Steve Hammond's Commentary:

Posted January 19, 2004 (user submitted)

To call this a mall is being very generous. All it is is a small shopping plaza with a hallway that runs behind it. It originally housed the area's main supermarket, Grand Union, at the eastern end of the mall which is now empty, a Fay's drugs, now Eckerd, which still exists in the middle. A few smaller stores still remain which include a liquor store, Trustco Bank, a diner, and a nail salon.

I don't really know the history of the mall, but I know it was the Grand Union that kept it alive. In the mid 90's the chain closed down many of its older stores including this one. A newer store was built on the other side of Malta. Grand Union ultimately went out, that new store is now a Price Chopper. Eckerd is now the mall's largest store. I would imagine that the mall section (the hallway) was never very busy due to its small size.

My dad says that at one time there was a Hallmark card store in the back section of the mall.
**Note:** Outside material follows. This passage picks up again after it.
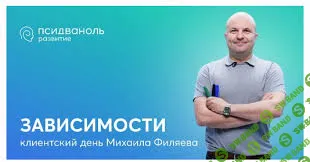 [Psy2.0] Зависимости - 2024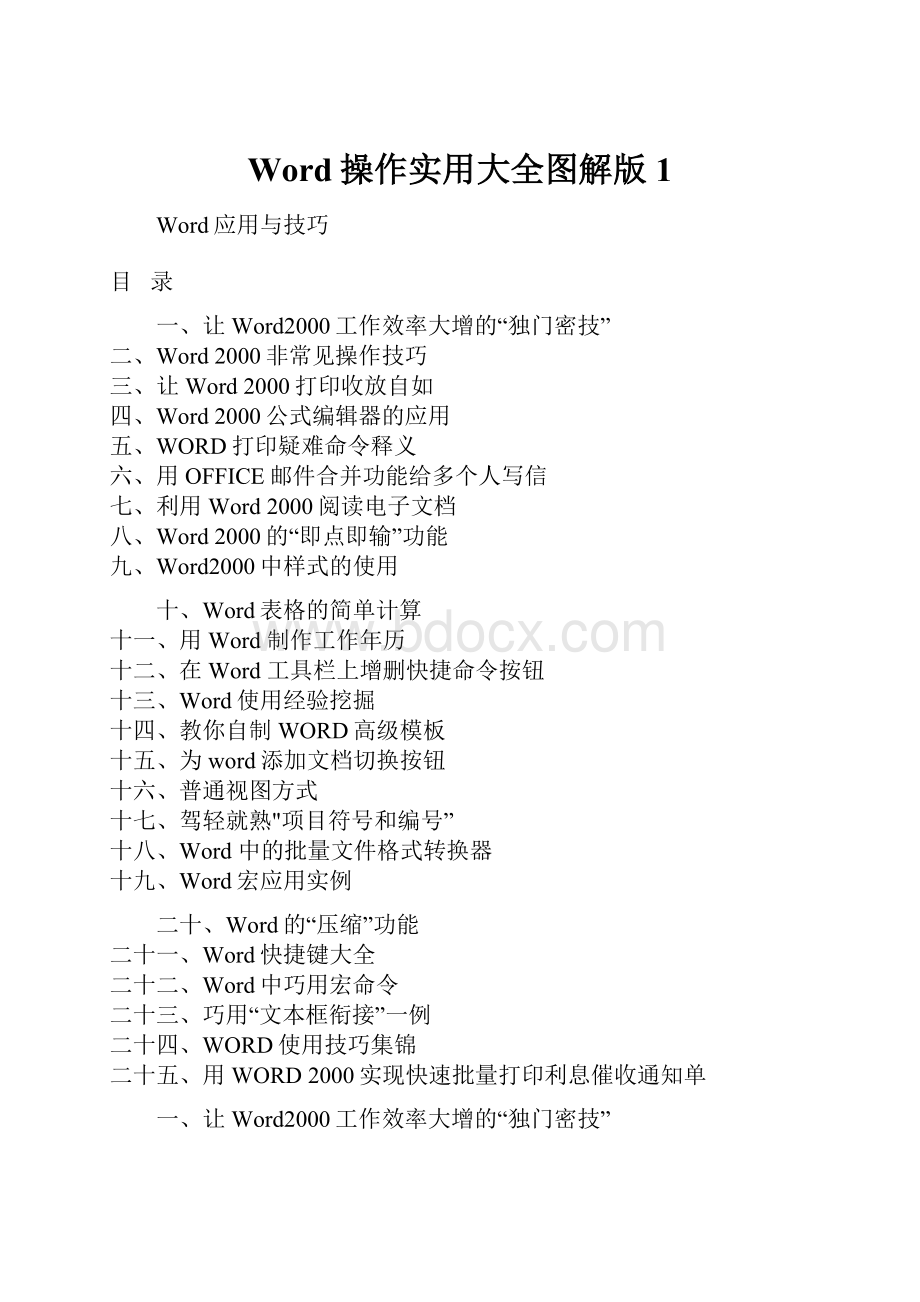 Word操作实用大全图解版1.docx_第1页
That space is now occupied by some kind of private church. I also remember an arcade that once occupied some of that space.

The mall now also houses several mailbox's for nearby apartment complexes. I've never seen that arrangement in a mall before. Maybe they got the word "mall" confused with the word "mail".

The outside of the mall is not kept in very good condition these days, as you can see in the pictures. I would imagine that eventually the mall will be torn down and the remaining businesses will move elsewhere.